I read through the it all anyway, I feel like some of it will stick. The data that the tasks use for analysis was interesting to me in light of having looked at open data in Smart Cities, because it provided by the Australian Bureau of Meteorology, so kind of what I discussed in this post.
After tasks on Hadoop and MapReduce, which we learned about last week, the course went on to talk about Apache Pig, which improves the output of Hadoop, using HDFS and MapReduce. From the course material, it has:
- Faster development, increases productivity 10x and is very flexible.
- Expresses data transformation tasks in just a few lines of code.
- Doesn’t reinvent the wheel: 10 lines of Pig Latin = ~200 lines of Java!
(The previous couple of tasks provided linees of Java to execute tasks which is why it’s mentioned.)

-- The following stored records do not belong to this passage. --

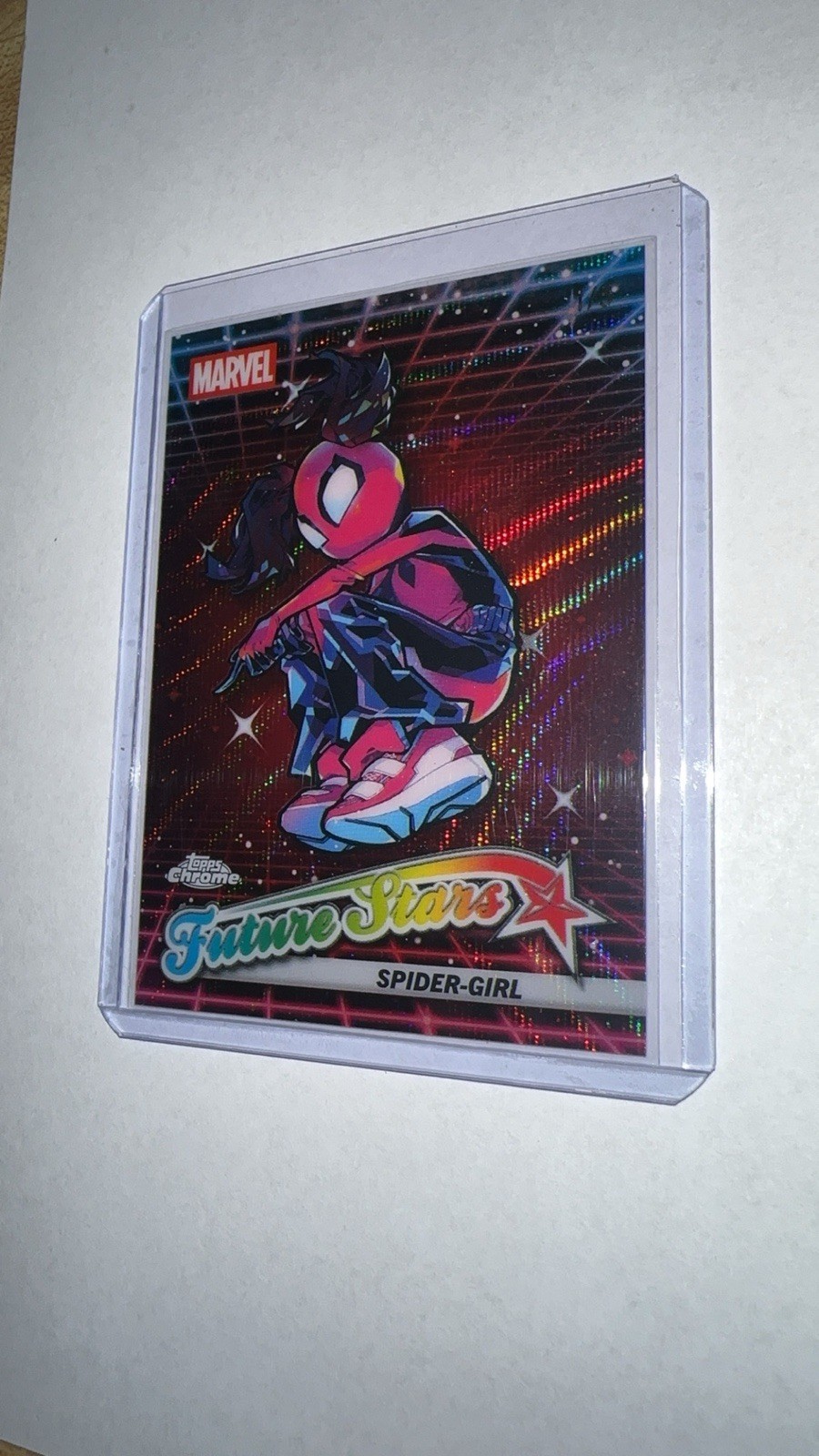2025 Topps Chrome Marvel Spider Girl Future Stars Red Wave /5 FOTL FIRST PRINT 2025 Topps Chrome Marvel Spider Girl Future Stars Red Wave /5 FOTL FIRST PRINT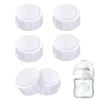 (6-PCs) Travel Bottle Caps Compatible with Avent Bottles-Baby Bottle Lid-Bottle Lids Replacement-Rewritable Sealing Discs for Avent Wide Mouth Bottles-Travel Caps view 1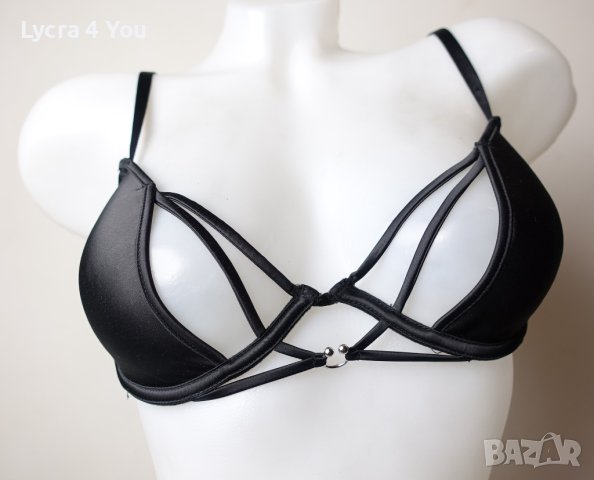 80В черен сатенен сутиен от Mister*Lady, снимка 2 - Бельо - 42795158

Other important facts: Apache Pig runs on a language called Pig Latin, which is very unlike other programming languages including the bits that I am familiar with from the course:
Pig Latin script describes a Directed Acyclic Graph (DAG) where the edges are data flows and the nodes are operators that process the data. Pig Latin has no if statements or forloops, and focuses purely on data flow.
Instead it relies on commands such as ‘store’ or ‘dump’.
Overall, this might have been a less useful course for me simply as I was less interested in the practical coding aspects and more in the theoretical application, which is partly why I’m putting the conclusion here instead of in a separate post. However, even the coding info gave me a basic overview of how people work with large-scale data sets, and the case studies did link in well to my other courses.
I’m not exactly sure where to go next with online learning and finishing off Blaugust. I do have some ideas in exploring online learning outside of Future Learn for a little while, which I’ll be talking about tomorrow.